Al día siguiente salimos por tren hacia la sierra, en una travesía que se volvió inolvidable por la belleza del paisaje. Y así llegamos a Creel, en donde los jesuitas tenían o tienen un seminario. Ahí nos dieron hospedaje unos días, pues nuestro destino era Rarámuchi, en el corazón de esa sierra.
Óscar nos había pedido que lleváramos ropa y comida para regalar a algunos habitantes de la región de Rarámuchi y así lo hicimos. Todo estaba preparado para trabajar unas semanas en la sierra y convivir con la comunidad.
Lo primero sí se cumplió, trabajamos de sol a sol y acabábamos muertos de cansancio. Lo segundo resultó imposible, pues los Tarahumaras rehuían el contacto con nosotros, así que dejábamos a prudente distancia de sus chozas la comida y la ropa y nos retirábamos en silencio, al punto de las lágrimas al ver tanta pobreza.
Han pasado muchos años desde entonces y esas comunidades siguen en la misma pobreza. Hemos llegado a la Luna, pero somos incapaces de atender el mínimo de los problemas de muchos hermanos nuestros.
Todavía recuerdo con agrado que por andar platicando con Íñigo (que hasta la fecha no le para la boca), una tarde nos perdimos y se nos hizo noche en el camino. Nos percatamos de ello cuando comenzó a oscurecer y se empezaron a encender las fogatas en las cuevas de los Tarahumaras y entonces nos entró un miedo terrible.
Guardando la calma y como buenos exploradores, simplemente dimos media vuelta y volvimos sobre nuestros pasos para retomar el camino original y llegar a la cabaña en la que nos hospedábamos.
También recuerdo que el regreso a Creel lo hicimos unos cuantos en una pequeña avioneta, que despegó de una meseta y se lanzó al vacío de la barranca para lograr la velocidad que requería para volar a su destino. Es una sensación horrible ver cómo pasaban los farallones de la barranca mientras aquel mosquito se sostenía de milagro en el aire. Creo que José Luis, que iba en ese vuelo, volvió el estómago de la mareada que se dio, pero logramos llegar a nuestro destino en diez minutos, mientras que los compañeros que iban por tierra lo hicieron en un día.

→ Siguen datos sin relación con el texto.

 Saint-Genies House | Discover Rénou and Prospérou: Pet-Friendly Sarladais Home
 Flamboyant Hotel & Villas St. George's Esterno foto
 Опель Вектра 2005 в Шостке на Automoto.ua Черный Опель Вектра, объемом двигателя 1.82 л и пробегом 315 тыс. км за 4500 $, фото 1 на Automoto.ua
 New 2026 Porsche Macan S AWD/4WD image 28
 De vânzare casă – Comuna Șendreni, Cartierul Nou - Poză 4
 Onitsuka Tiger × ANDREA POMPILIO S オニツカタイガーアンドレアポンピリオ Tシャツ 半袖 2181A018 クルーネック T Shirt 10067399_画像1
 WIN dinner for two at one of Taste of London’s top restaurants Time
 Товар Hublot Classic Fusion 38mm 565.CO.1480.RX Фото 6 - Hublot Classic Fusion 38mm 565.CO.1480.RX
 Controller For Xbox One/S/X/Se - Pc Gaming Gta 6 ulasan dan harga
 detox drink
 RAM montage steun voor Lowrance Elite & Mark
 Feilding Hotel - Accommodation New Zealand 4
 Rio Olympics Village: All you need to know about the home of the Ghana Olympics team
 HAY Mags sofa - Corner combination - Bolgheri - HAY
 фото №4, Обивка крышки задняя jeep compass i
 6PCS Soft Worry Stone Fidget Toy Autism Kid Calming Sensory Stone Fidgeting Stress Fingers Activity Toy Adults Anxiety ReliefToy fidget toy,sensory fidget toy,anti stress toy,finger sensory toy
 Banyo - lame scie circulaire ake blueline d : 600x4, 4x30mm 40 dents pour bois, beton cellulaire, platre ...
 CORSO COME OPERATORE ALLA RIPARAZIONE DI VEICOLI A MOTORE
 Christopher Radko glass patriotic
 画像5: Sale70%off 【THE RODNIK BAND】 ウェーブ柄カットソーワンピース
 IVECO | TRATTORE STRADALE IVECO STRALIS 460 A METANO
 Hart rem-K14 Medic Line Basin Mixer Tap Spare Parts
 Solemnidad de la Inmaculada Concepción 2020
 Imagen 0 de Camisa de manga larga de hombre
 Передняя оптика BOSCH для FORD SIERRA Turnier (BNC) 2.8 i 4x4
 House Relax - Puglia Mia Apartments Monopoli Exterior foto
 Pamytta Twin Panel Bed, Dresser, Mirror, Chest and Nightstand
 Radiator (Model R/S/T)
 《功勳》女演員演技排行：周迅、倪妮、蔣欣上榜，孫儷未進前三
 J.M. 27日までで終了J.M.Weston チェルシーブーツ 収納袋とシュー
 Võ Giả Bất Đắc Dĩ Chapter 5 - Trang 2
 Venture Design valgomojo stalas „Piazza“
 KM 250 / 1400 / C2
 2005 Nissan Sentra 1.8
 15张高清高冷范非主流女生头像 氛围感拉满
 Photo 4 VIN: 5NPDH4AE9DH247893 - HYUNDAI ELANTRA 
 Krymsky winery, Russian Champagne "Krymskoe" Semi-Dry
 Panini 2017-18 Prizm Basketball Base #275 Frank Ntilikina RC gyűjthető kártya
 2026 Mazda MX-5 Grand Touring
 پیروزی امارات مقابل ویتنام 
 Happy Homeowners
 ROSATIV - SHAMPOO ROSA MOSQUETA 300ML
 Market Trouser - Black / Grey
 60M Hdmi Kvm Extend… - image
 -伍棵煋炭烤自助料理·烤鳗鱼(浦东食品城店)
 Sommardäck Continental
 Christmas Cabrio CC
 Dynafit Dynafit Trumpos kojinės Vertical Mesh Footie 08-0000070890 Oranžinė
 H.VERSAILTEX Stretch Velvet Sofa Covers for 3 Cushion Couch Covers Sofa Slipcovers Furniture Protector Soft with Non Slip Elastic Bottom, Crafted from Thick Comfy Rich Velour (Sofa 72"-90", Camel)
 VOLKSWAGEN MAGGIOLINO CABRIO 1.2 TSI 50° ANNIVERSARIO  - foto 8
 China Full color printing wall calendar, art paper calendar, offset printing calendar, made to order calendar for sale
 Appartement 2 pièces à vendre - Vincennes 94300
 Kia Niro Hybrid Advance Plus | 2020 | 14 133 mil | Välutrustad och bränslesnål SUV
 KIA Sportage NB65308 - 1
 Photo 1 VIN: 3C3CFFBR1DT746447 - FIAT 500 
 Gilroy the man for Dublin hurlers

Pero volvamos al punto. Estamos inmersos en un esquema de vida fácil y cómoda, que nos torna inmunes a los grandes problemas de nuestro tiempo.
El que tengamos instrumentos que nos facilitan la vida no significa que no nos esforcemos o nos volvamos insensibles.
El día que ese tipo de problemas no nos duela ni conmueva, será porque nos hemos muerto en vida.
Por lo demás: "Hasta que nos volvamos a encontrar, que Dios te guarde en la palma de Su mano".